Both are very nice pens, well done.


----------



## mark james (Aug 27, 2019)

Beautiful.  Well done in all respects.  Very elegant.

Thank you for sharing.


----------



## leehljp (Aug 27, 2019)

始まして、どうぞよろしくお願いします。私はリーです。

Great looking pens and segments Takayuki-san! Well done. 

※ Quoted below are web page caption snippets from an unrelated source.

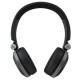 JBL E40BT Headphone-Black On-Ear inalámbrica Bluetooth estéreo. - Envío Gratuito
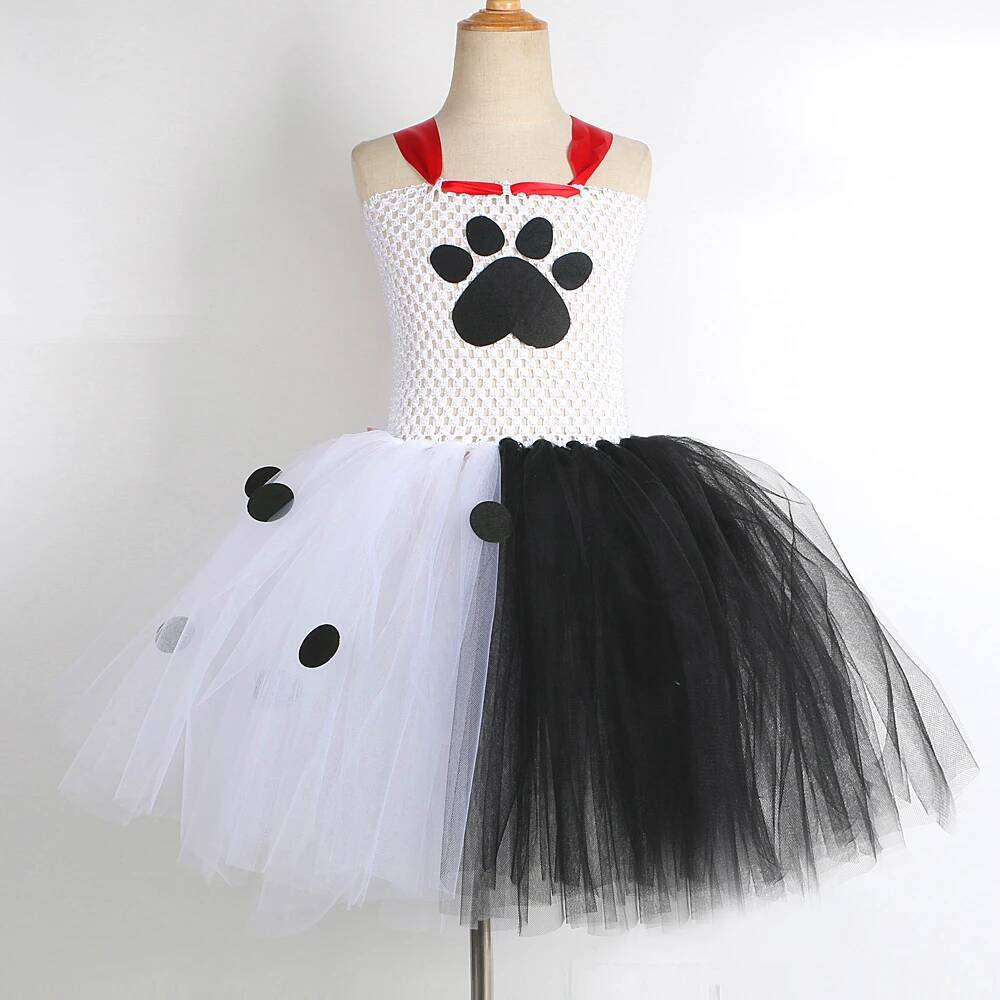 Dalmaçyalı Köpek Tutu Elbise B - Baby Z Clothing incelemesi ve fiyatı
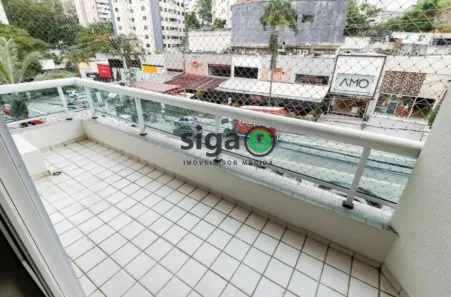 Apartamento com 3 Quartos à venda, 97m² no Vila Andrade, São Paulo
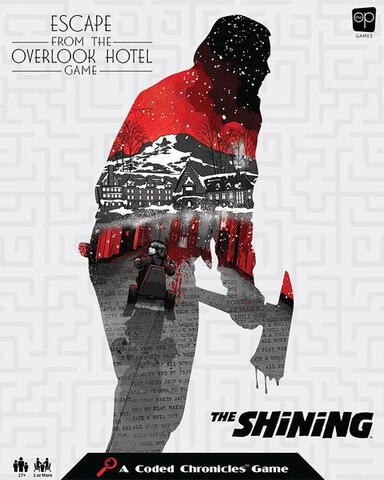 The Shining - Escape from the Overlook Hotel The Shining - Escape from the Overlook Hotel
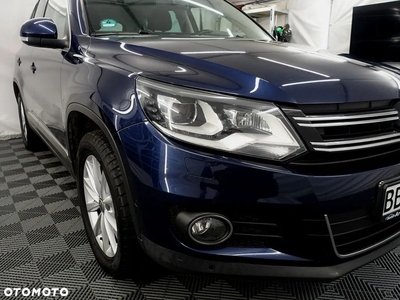 Volkswagen Tiguan 2.0 TDI Sport&Style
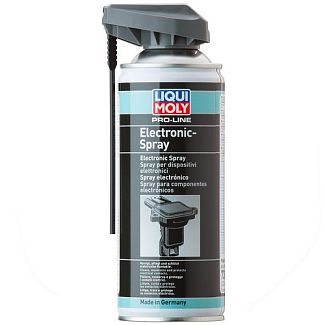 Смазка для электроконтактов 400мл Electronic-Spray LIQUI MOLY
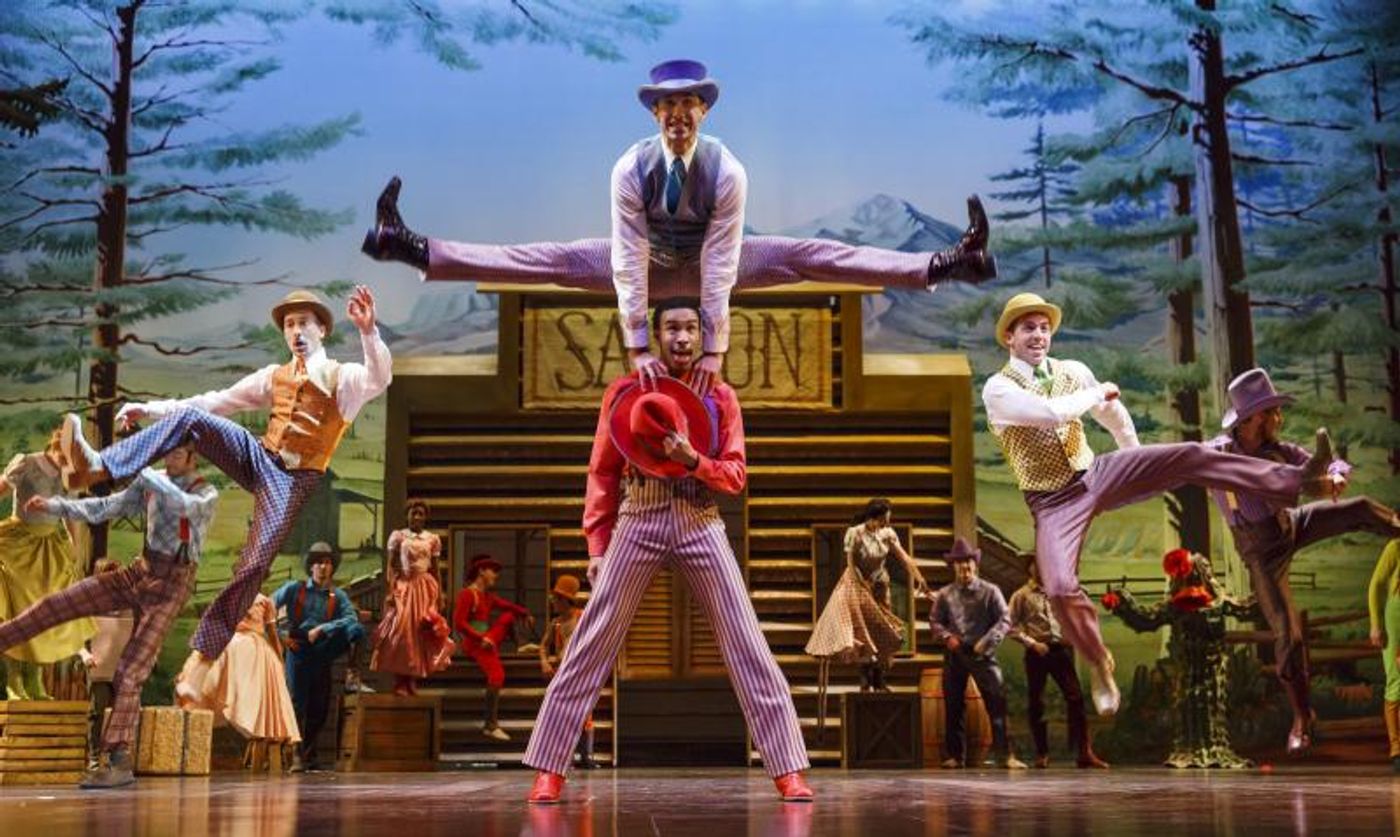 Dancing Through Distress: Male dancers from SYTYCD, NYCB and Broadway Reflect on Challenges and Struggles They Faced Growing Up in a Studio  Image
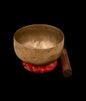 Antique Cup Thadobati Singing Bowl F4 354Hz 4.25" A16066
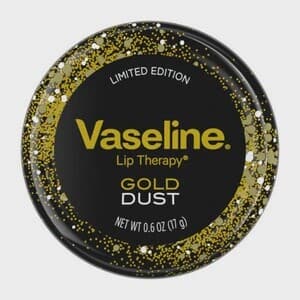 VASELINE LIP THERAPY GOLD DUST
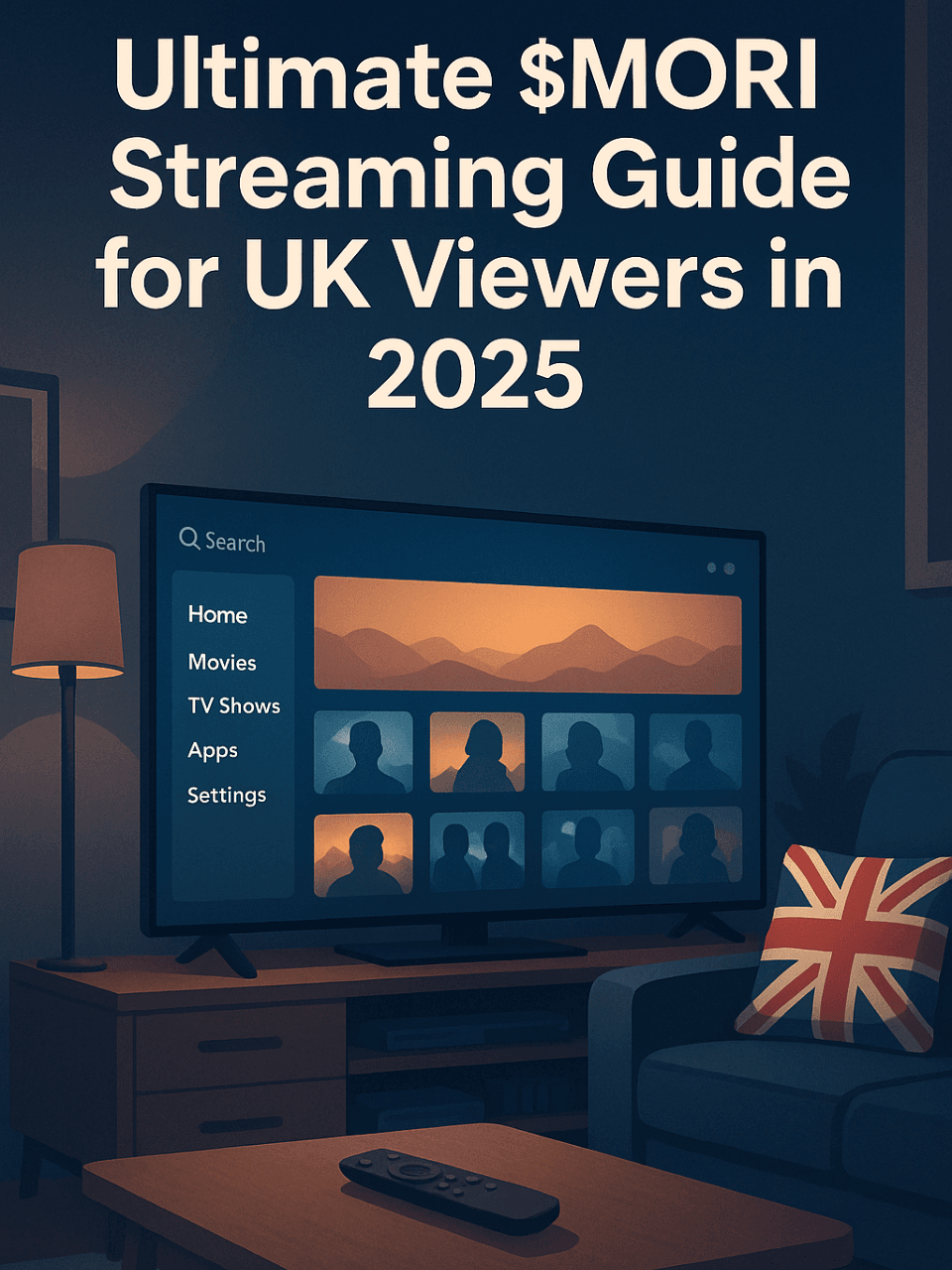 📺 Ultimate $MORI VERTION Streaming Guide for UK Viewers in 2025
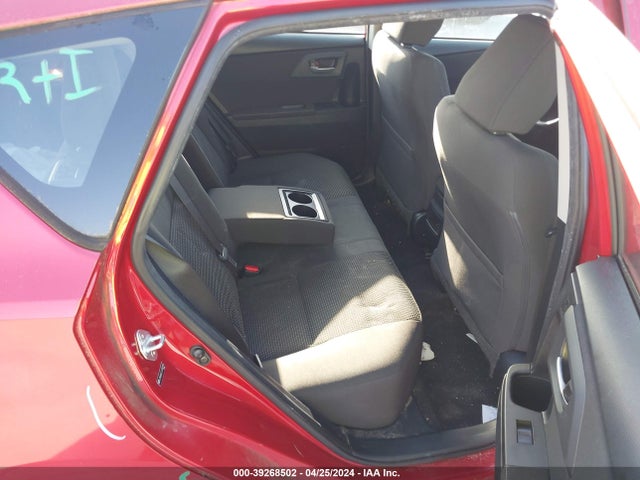 Toyota COROLLA IM 2018 JTNKARJE7JJ552915 Image 8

Where in Japan are you located? Did you get your wood from Tokyu-Hands? I used to go there often and always found a great variety of wood from different countries.


----------



## takayuki_sz (Aug 27, 2019)

SteveJ said:


> Those look great!!


We did it


----------



## takayuki_sz (Aug 27, 2019)

magpens said:


> Beautiful pens !!! . Thank you for showing us !!!


Thank you


----------



## takayuki_sz (Aug 27, 2019)

Dalecamino said:


> THIS, my friends is how you make a wooden pen! Very nicely done Takayuki!


The hardship was rewarded☺


----------



## takayuki_sz (Aug 27, 2019)

Bryguy said:


> Those are absolutely beautiful!


Thanks☺


----------



## takayuki_sz (Aug 27, 2019)

leehljp said:


> 始まして、どうぞよろしくお願いします。私はリーです。
> 
> Great looking pens and segments Takayuki-san! Well done.
> 
> Where in Japan are you located? Did you get your wood from Tokyu-Hands? I used to go there often and always found a great variety of wood from different countries.


Nice to meet you, Lee.
I live in Nagano surrounded by mountains.
Unfortunately Tokyu Hands is far away.


----------



## takayuki_sz (Aug 27, 2019)

mark james said:


> Beautiful.  Well done in all respects.  Very elegant.
> 
> Thank you for sharing.


Thank you


----------